What you are asked to do:
Copy each record exactly and skip its pictures.

Web page caption snippets
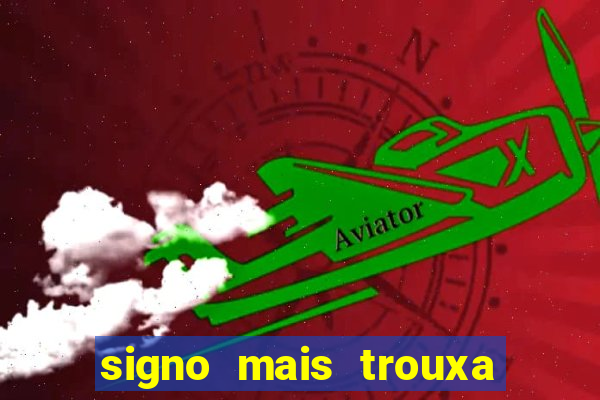 signo mais trouxa no amor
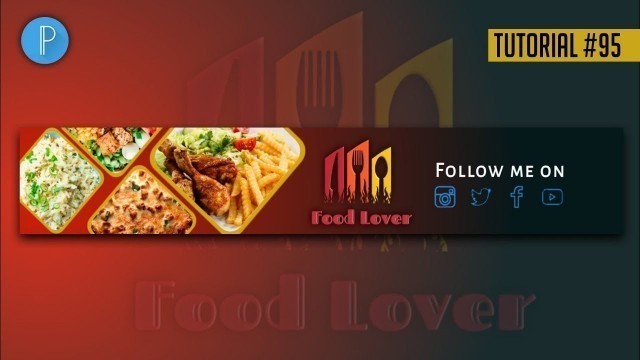 'YouTube Banner Art | Cooking Channel Banner Design In Pixellab'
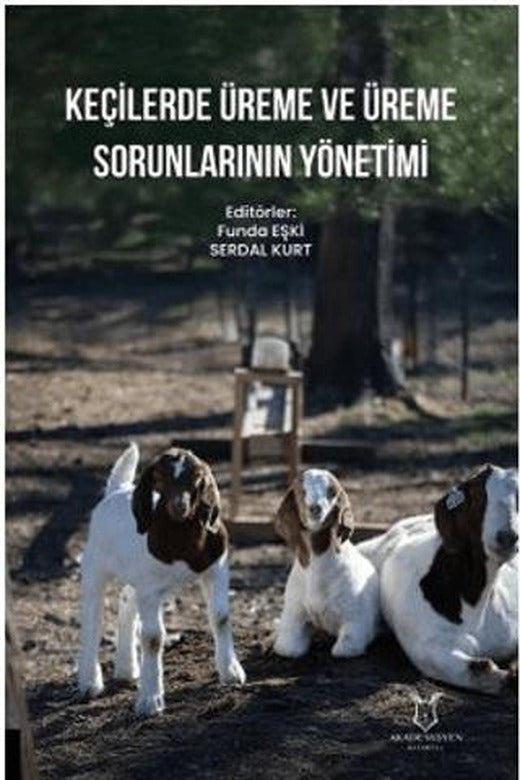 Keçilerde Üreme ve Üreme Sorunlarının Yönetimi | Akademisyen Kitabevi (Ciltsiz)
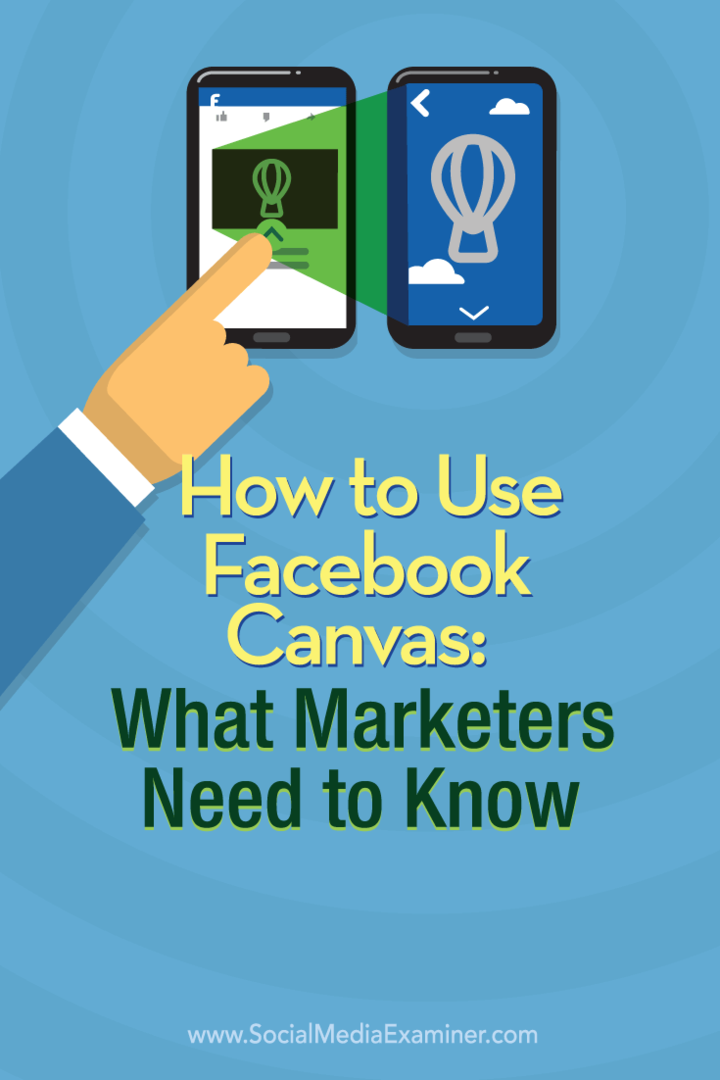 Cum se folosește pânza Facebook: Ce trebuie să știe marketerii: Social Media Examiner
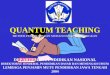 Quantum Teaching -Slide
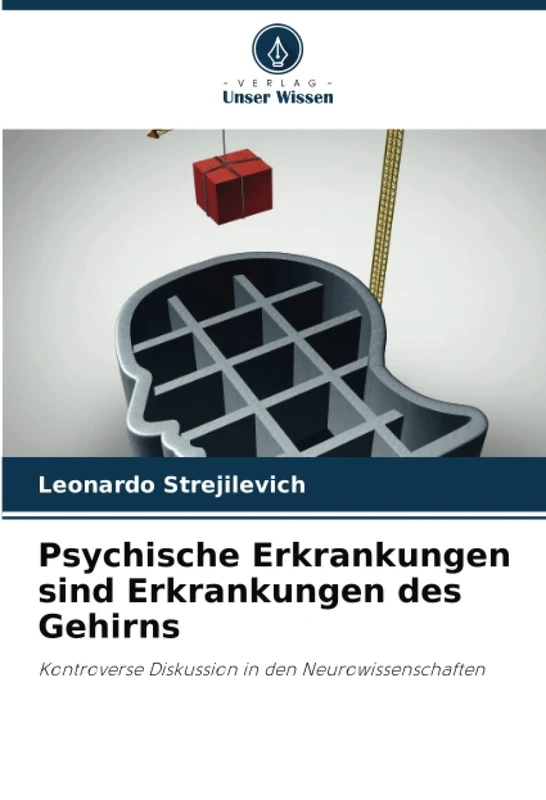 Psychische Erkrankungen sind Erkrankungen des Gehirns: Kontroverse Diskussion in den Neurowissenschaften - Image 1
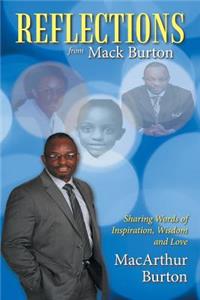 Reflections from Mack Burton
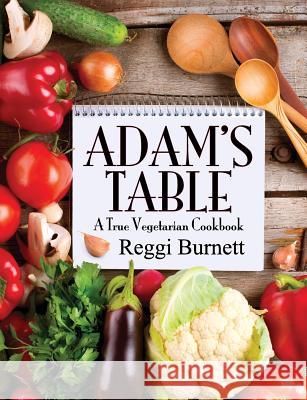 Adam's Table: A True Vegetarian Cookbook Burnett, Reggi 9781479602810 Teach Services - książka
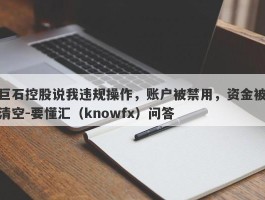 巨石控股说我违规操作，账户被禁用，资金被清空-要懂汇（knowfx）问答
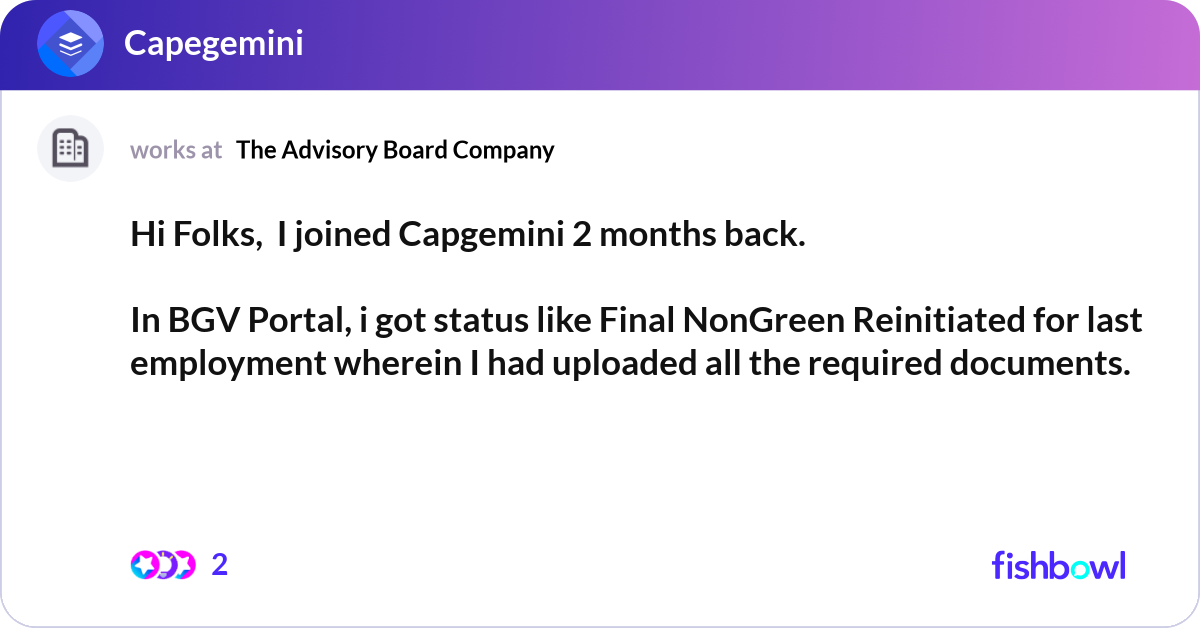 Hi Folks, I joined Capgemini 2 months back. In B... | Fishbowl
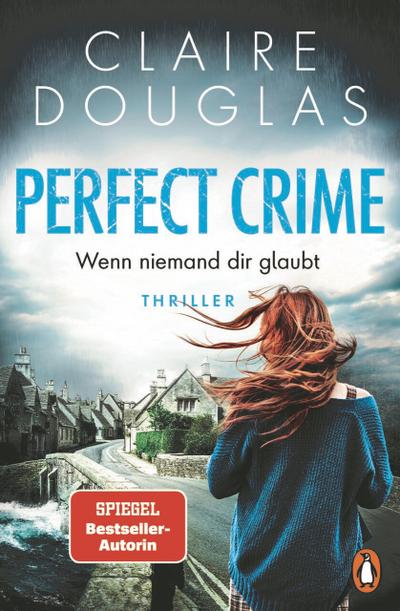 Perfect Crime - Wenn niemand dir glaubt (eBook, Still images / graphics) - Claire Douglas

Response to the exercise:
 signo mais trouxa no amor
 'YouTube Banner Art | Cooking Channel Banner Design In Pixellab'
 Keçilerde Üreme ve Üreme Sorunlarının Yönetimi | Akademisyen Kitabevi (Ciltsiz)
 Cum se folosește pânza Facebook: Ce trebuie să știe marketerii: Social Media Examiner
 Quantum Teaching -Slide
 Psychische Erkrankungen sind Erkrankungen des Gehirns: Kontroverse Diskussion in den Neurowissenschaften - Image 1
 Reflections from Mack Burton
 Adam's Table: A True Vegetarian Cookbook Burnett, Reggi 9781479602810 Teach Services - książka
 巨石控股说我违规操作，账户被禁用，资金被清空-要懂汇（knowfx）问答
 Hi Folks, I joined Capgemini 2 months back. In B... | Fishbowl
 Perfect Crime - Wenn niemand dir glaubt (eBook, Still images / graphics) - Claire Douglas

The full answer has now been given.